#### Your assignment
From the first line of the entries below through the line bearing "Greetings all you", write out each line exactly. Omit pictures.

═════ Extracted information ═════

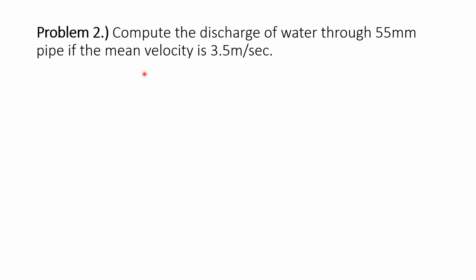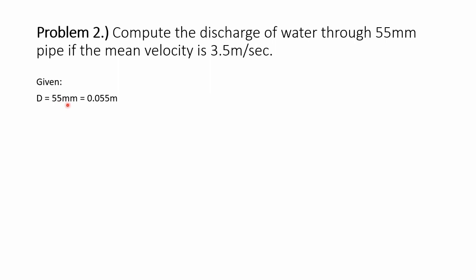Before we solve this problem, let's identify first the given. So we have here the diameter of the pipe is equal to 55 millimeter. We convert it into meter so that it would be 0.055 meter. Next is we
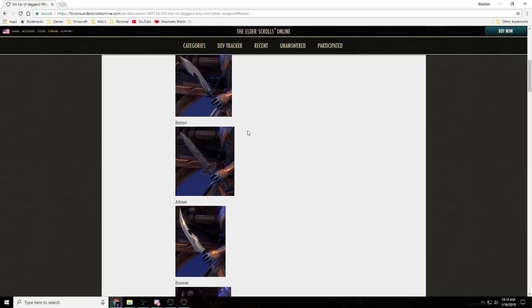Hello everybody and welcome to a brand new Let's Talk ESO with me Sherman. Today we are going to be talking about the mystery of the fifth tier.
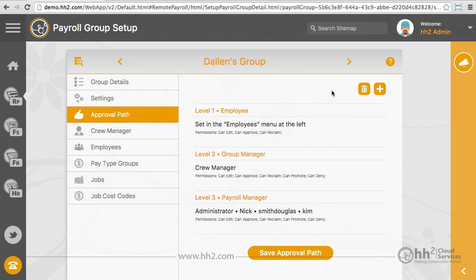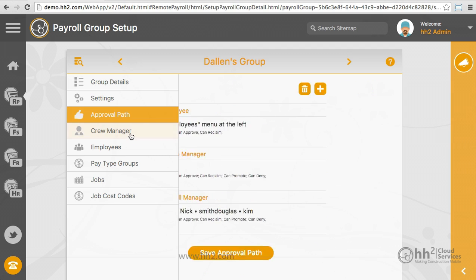Once you have added the items this payroll group will have permissions to and the Approval Path, which will indicate who will have access, you will now need to follow all the tabs from top to bottom and add those permissions.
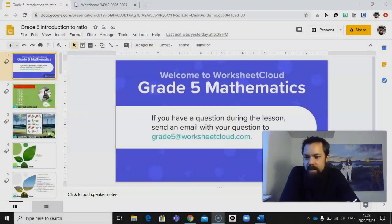Greetings all you fabulous grade fives out there. Good to have you with me for another lesson of maths. I'm Mr. Travis, Mr. T, and thanks to Worksheet Cloud for us to be able to bring these lessons to you. Let's jump into our lesson.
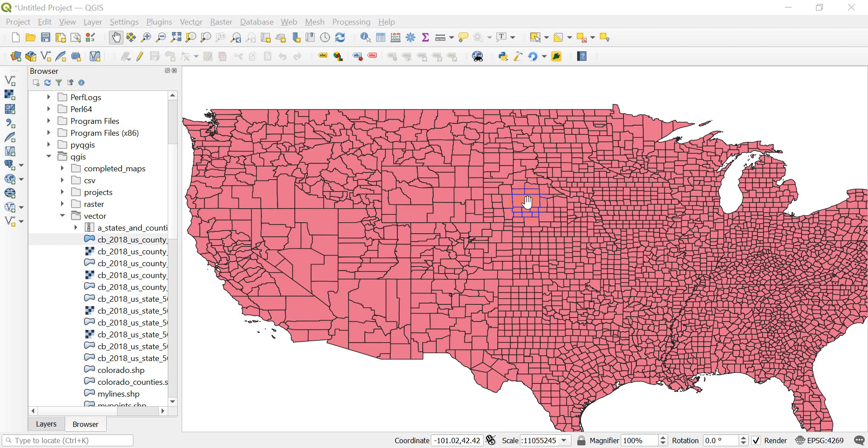To start off with, I have a shapefile of the United States loaded up and it has all the counties in the United States. What I want to do is first create a selection of just some portion of these counties.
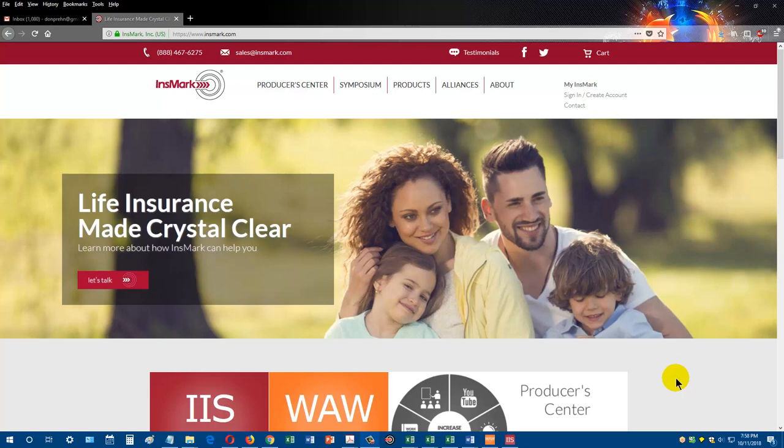This is Don Prenn with Insmark. This video is for retail life producers. We wanted to share with you our newest enhancement from Insmark that went out in early October 2018, which is called Comparison of Planned Cost Reports. We're going to spend a couple minutes explaining this new report, and it is incredibly important. I think it's going to be well worth your time.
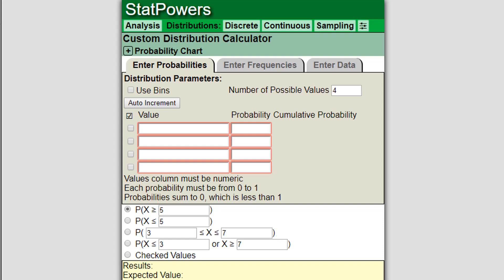Hello everybody. Now we're going to take a look at StatPowers and the custom discrete distribution calculator. There's a lot of neat features here, so I'm going to try to go through all of them to show you how you can use it in various different ways.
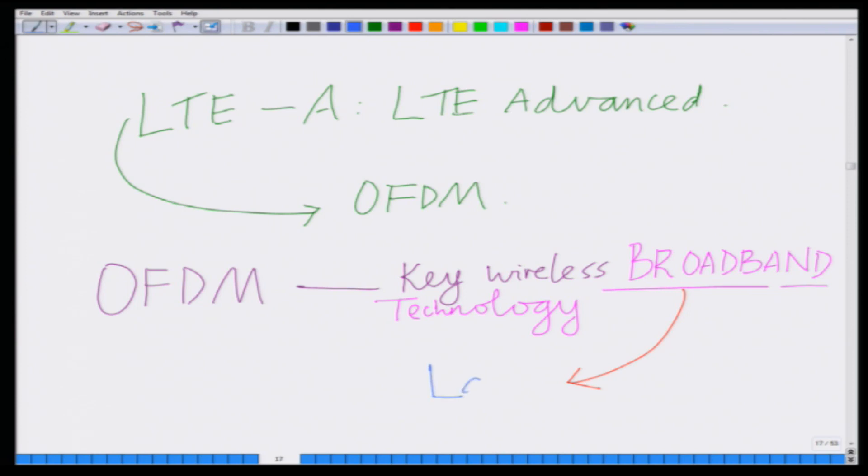OFDM is orthogonal frequency division multiplexing and it is a broadband technology — it operates on a large or very wide bandwidth. For instance, a GSM system has a bandwidth of about 200 kilohertz, but an OFDM system can have a bandwidth up to 20 megahertz. This is about 100 times that of a GSM system, so it operates over a large bandwidth — it is a broadband system.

═════

#### Exercise result
Before we solve this problem, let's identify first the given. So we have here the diameter of the pipe is equal to 55 millimeter. We convert it into meter so that it would be 0.055 meter. Next is we
Hello everybody and welcome to a brand new Let's Talk ESO with me Sherman. Today we are going to be talking about the mystery of the fifth tier.
Once you have added the items this payroll group will have permissions to and the Approval Path, which will indicate who will have access, you will now need to follow all the tabs from top to bottom and add those permissions.
Greetings all you fabulous grade fives out there. Good to have you with me for another lesson of maths. I'm Mr. Travis, Mr. T, and thanks to Worksheet Cloud for us to be able to bring these lessons to you. Let's jump into our lesson.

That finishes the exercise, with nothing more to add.